Uma das grandes preocupações do povo Tenharim é a região da TI que é contígua ao Parque Nacional dos Campos Amazônicos. Uma das raras áreas de Cerrado no Amazonas, o parque é extremamente suscetível às chamas, que tende a se alastrar para a Terra Indígena. "A própria equipe do PrevFogo trabalha ali um mês antes da temporada de seca para fazer a queima controlada na região, de modo que o fogo não se alastre pelos campos. A brigada agora está equipada para fazer esse trabalho", ressalta Nilcélio.

As chamadas queimas precoces são consideradas fundamentais para a prevenção de grandes incêndios nos meses mais secos do ano, cujo auge se dá entre agosto e setembro. As áreas que foram submetidas as queimas seguem as regras estabelecidas pelo Plano de Manejo Integrado do Fogo (PMIF) da unidade de conservação. Dentro do parque, são realizadas pelos brigadistas do Instituto Chico Mendes de Conservação da Biodiversidade (ICMBio).

© Márcio Tenharim / WWF-Brasil

 


 










Para a estruturação da brigada de incêndios, o WWF-Brasil doou ferramentas de combate ao fogo, como sopradores, roçadeiras, abafadores, além de outros equipamentos para fortalecimento de proteção territorial, como um drone, um quadriciclo, GPS, câmera fotográfica e rádio. 

Um projeto estruturante

De acordo com Osvaldo Barassi Gajardo, analista sênior de conservação do WWF-Brasil, apesar de expor a terra tenharim a incêndios frequentes, que exigem o manejo com queimadas precoces, a proximidade com o Parque Nacional beneficia a Terra Indígena por ajudar a deter a intensa pressão de invasores. 

"A proximidade com o parque é uma fortaleza da TI Tenharim-Marmelos, assim como o fato de o PrevFogo-Ibama manter ali uma brigada indígena. Ali também há um grupo de monitores ambientais que fazem o reconhecimento do território para identificar possíveis ameaças e pressões assim como potenciais conflitos", disse Gajardo. 

"Mas é uma área muito sensível às pressões socioambientais. Por isso, o objetivo do projeto envolveu a ampliação da estratégia de combate ao fogo e de proteção territorial, por meio da doação de equipamentos e insumos para melhorar e viabilizar o trabalho de prevenção e proteção do território", completou. 

A equipe de brigadistas, segundo Gajardo, é contratada todos os anos pelo Ibama, que arca com os salários e os recursos básicos para apagar o fogo. Mas é um desafio para o Governo Federal substituir os equipamentos. "Os equipamentos fornecidos à brigada serão suficientes por pelo menos dois ou três anos, o que permite uma ação mais robusta da brigada ao longo do tempo", frisa. 

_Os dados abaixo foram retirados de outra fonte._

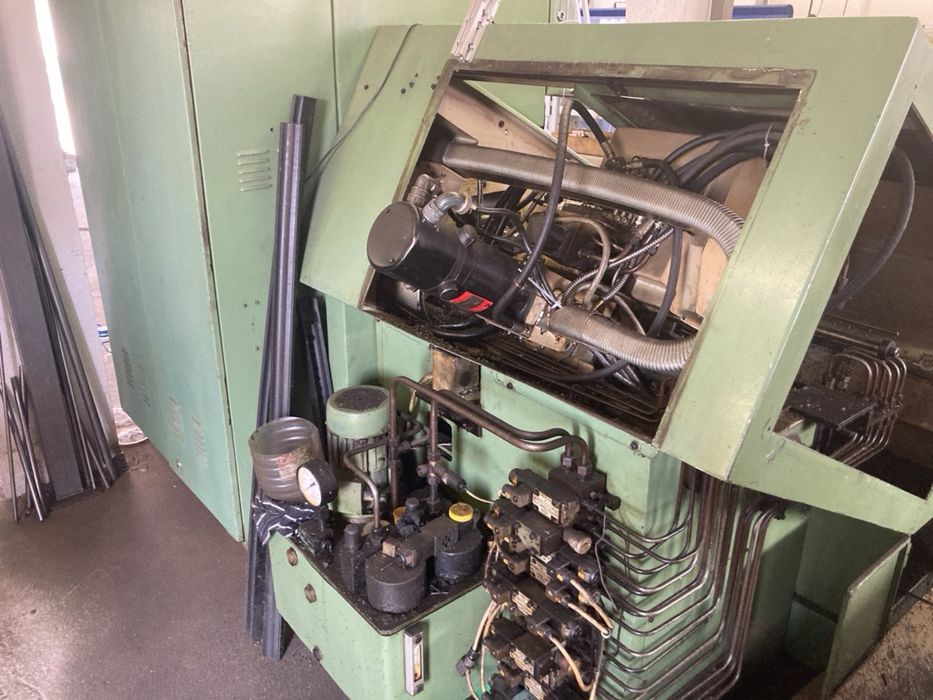 Програмен автоматичен струг CA161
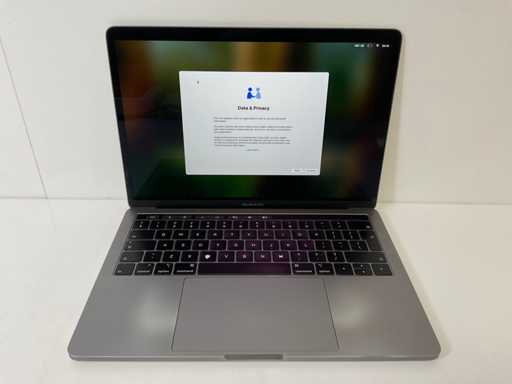 Apple MacBook Pro 13”, Core(TM) i5 8th Gen, 8 GB RAM, 128 GB NVMe Laptop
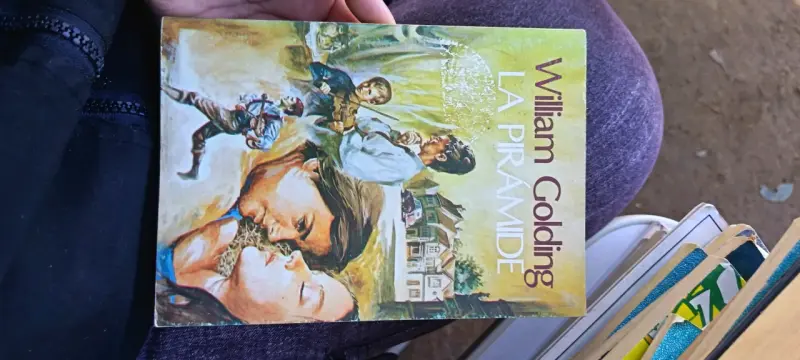 Libro 'La Pirámide'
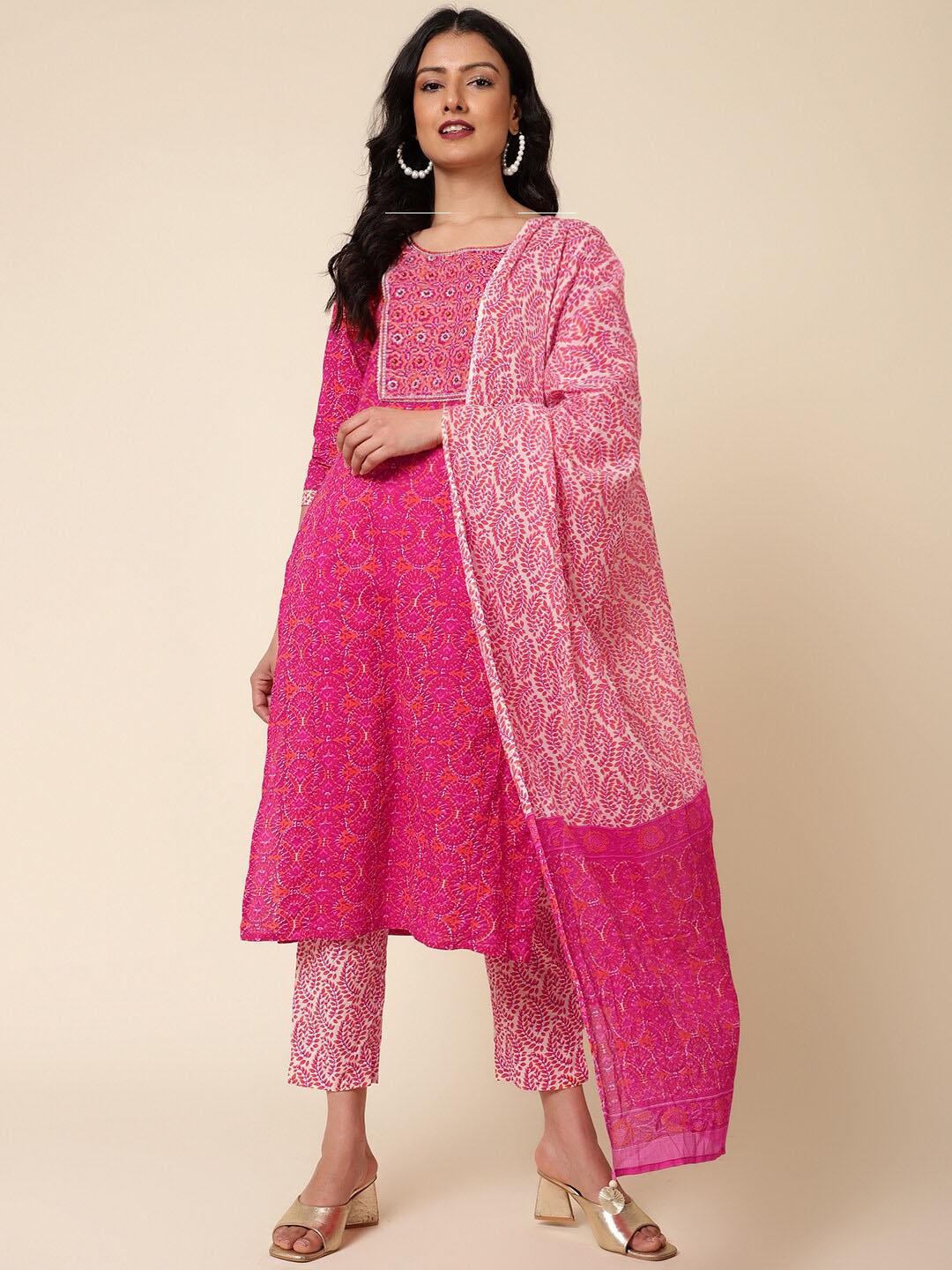 Bani Women Abstract Printed Thread Work Pure Cotton Kurta With Trousers & Dupatta, Magenta
Bani Women Abstract Printed Thread Work Pure Cotton Kurta With Trousers & Dupatta, Magenta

A reforma da base de monitoramento - que era uma antiga demanda do povo tenharim - também terá um efeito perene no fortalecimento do monitoramento do território. Por outro lado, o apoio para as ações de campo, lembra Gajardo, atenderam a demandas emergenciais específicas. "As ações de monitoramento sempre exigirão novas injeções de recursos, mas a ideia foi apoiar um processo inicial, no qual os brigadistas e monitores pudessem estabelecer um padrão de trabalho", explicou.